In-Cloud Supersaturation Derived from CCN Measurements

Atmospheric aerosols affect the Earth's energy balance by interacting directly with incoming solar radiation or indirectly by altering cloud properties by acting as cloud condensation nuclei (CCN). The interaction between aerosols and clouds remains the largest uncertainty in model predictions of future climate change in response to anthropogenic activity. The concentration of available CCN depends on aerosol size and chemical composition as well as ambient water vapor supersaturation. Therefore, supersaturation serves as the link between aerosol and cloud droplet number.

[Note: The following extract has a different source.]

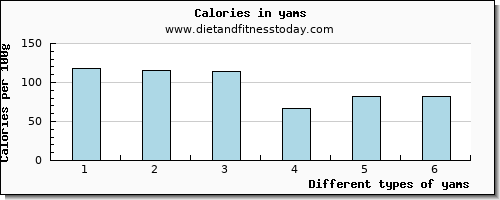 yams magnesium per 100g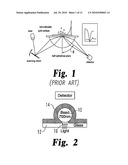 SUB-MICRON SURFACE PLASMON RESONANCE SENSOR SYSTEMS diagram and image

The Eastern Pacific Emitted Aerosol Cloud Experiment (E-PEACE) included a targeted aircraft campaign off the coast of Monterey, California, in July and August 2011. The Center for Interdisciplinary Remotely-Piloted Aircraft Studies (CIRPAS) Twin Otter aircraft made measurements of aerosol and cloud properties targeting three types of emissions in the stratocumulus-rich northeastern Pacific: smoke emissions from the R/V Point Sur, salt aerosol released by the Twin Otter, and emissions from cargo ships. In-cloud measurements sampled cloud residuals from behind a counterflow virtual impactor (CVI.) A cloud condensation nuclei (CCN) spectrometer (a Droplet Measurement Technologies Continuous Flow Streamwise Thermal Gradient Chamber operating in Scanning Flow CCN Analysis mode) aboard the Twin Otter provided CCN spectra once every forty seconds and are used to derive ambient supersaturation. We present the effects of aerosol perturbations on cloud droplet properties and in-cloud supersaturation for a variety of environments sampled during E-PEACE.